Ivo picture Ivo · Oct 22, 2012 · Viewed 41.2k times · Source

I am working on an online TV service. One of the goals is for the video to be played without any additional browser plug-ins (except for Flash).

I decided to use MP4, because it is supported by the majority of HTML5 browsers and by Flash (for fallback). The videos are transcoded from ASF on a server by FFMpeg.

However, I found that MP4 cannot be live-streamed because it has a moov atom for metadata that has to specify the length. FFMpeg cannot directly stream mp4 to stdout, because it puts the moov at the end of the file. ( Live transcoding and streaming of MP4 works in Android but fails in Flash player with NetStream.Play.FileStructureInvalid error )

Of course, MPEG-TS exists, but it is not supported by HTML5 <video>.

What I thought about is a method to transcode the stream in real-time to MP4, and on each new HTTP request for it, first send a moov that specifies a very long number for the video's length, and then start sending the rest of the MP4 file.

Is it possible to use MP4 for streaming that way?

After some research and av501's answer, I understand that the sizes of the frames must be known so that it can work.

Can the mp4 file be segmented into smaller parts so that it can be streamed?

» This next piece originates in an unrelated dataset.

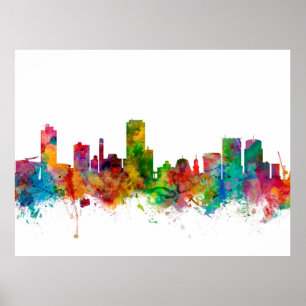 Wellington New Zealand Skyline Poster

Of course, switching to another container/format is an option, but the only format compatible with both Flash and HTML5 is mp4/h264, so if I have to support both, I'd have to transcode twice.

Answer

Sebastian Annies picture Sebastian Annies · Jan 28, 2013

You may use fragmented MP4. A fragmented MP4 file is built a follows:

moov [moof mdat]+

The moov box then only contains basic information about the tracks (how many, their type , codec initialization and so on) but no information about the samples in the track. The information about sample locations and sample sizes is in the moof box, each moof box is followed by a mdat that contains the samples as described in the preceding moof box. Typically one would choose the length of a (moof, mdat)-pair to be around 2,4 or 8 seconds (there is no specification on that but these values seem to be reasonable for most usecases).

This is a way to construct a neverending MP4 stream.